Estimating the inhibitory potential of triple combinations. (a) Expansion of the Bliss and Loewe models to three drugs. The three drug Bliss formula is based on a simple extension of the idea that the fraction of viruses unaffected by the blocks imposed by three drugs acting at different steps in the life cycle (f_u1+2+3) is the product of the fraction unaffected by each drug. The Loewe formula is based on the idea the inhibitors act in a mutually exclusive way or compete for the same binding site as discussed by Chou. It is derived from the general expression for an n drug combination with no synergy of antagonism as described in Supplementary Information, Methods. (b) Median-effect plots for hypothetical drugs D₁, D₂, and D₃ alone (solid lines) and predictions of the combined effects of D₁+D₂+ D₃ by the Bliss and Loewe models (dotted lines). D₁, D₂, and D₃ are diluted in constant ratio from 10 × C_max and assumed to have IC₅₀ values of 0.1, 0.1, and 0.01 × C_max and slopes 1, 1.5, and 0.8, respectively.

Figure 4

Inhibitory potential of three drug combinations. (a) Estimated IIP_ave1+2+3 for triple combinations of 19 commonly used antiretroviralss. Combinations are color coded by drug class, excluding combinations with more than one drug from the NNRTI, PI, or InSTI classes, or NRTI subclasses.

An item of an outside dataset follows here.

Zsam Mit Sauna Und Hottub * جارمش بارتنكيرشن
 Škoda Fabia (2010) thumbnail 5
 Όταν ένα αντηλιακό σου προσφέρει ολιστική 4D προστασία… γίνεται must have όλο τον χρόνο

The black bars represent the range of estimated IIP_ave1+2+3 values with the Loewe prediction at the left and the Bliss prediction at the right. Regimens are sorted based on the midpoint of the range. An estimate based on the weighted average of the three pairwise DI index values is shown as a green dot. IIP_ave1+2+3 values above the Loewe-Bliss range represent synergy, typically for regimens including thymidine analogues. The red line represents the minimum IIP_ave1+2+3 for a regimen achieving suppression of viremia in > 80% of patients. (b) Inhibitory potential of selected three drug combinations along with component single drugs and drug pairs. For combinations, inhibitory potential is shown as a range of IIP_ave1+2+3 values between the Loewe and Bliss predictions. For each component two drug combination, an estimate of IIP_ave based on experimentally determined DI index values is shown as a green bar. For three drug combinations, green bars represent estimates based on a weighted average of pairwise DI index values. Values are shown for currently recommended initial HAART regimens^, and, for purposes of comparison, a suboptimal TDF+3TC+ABC regimen.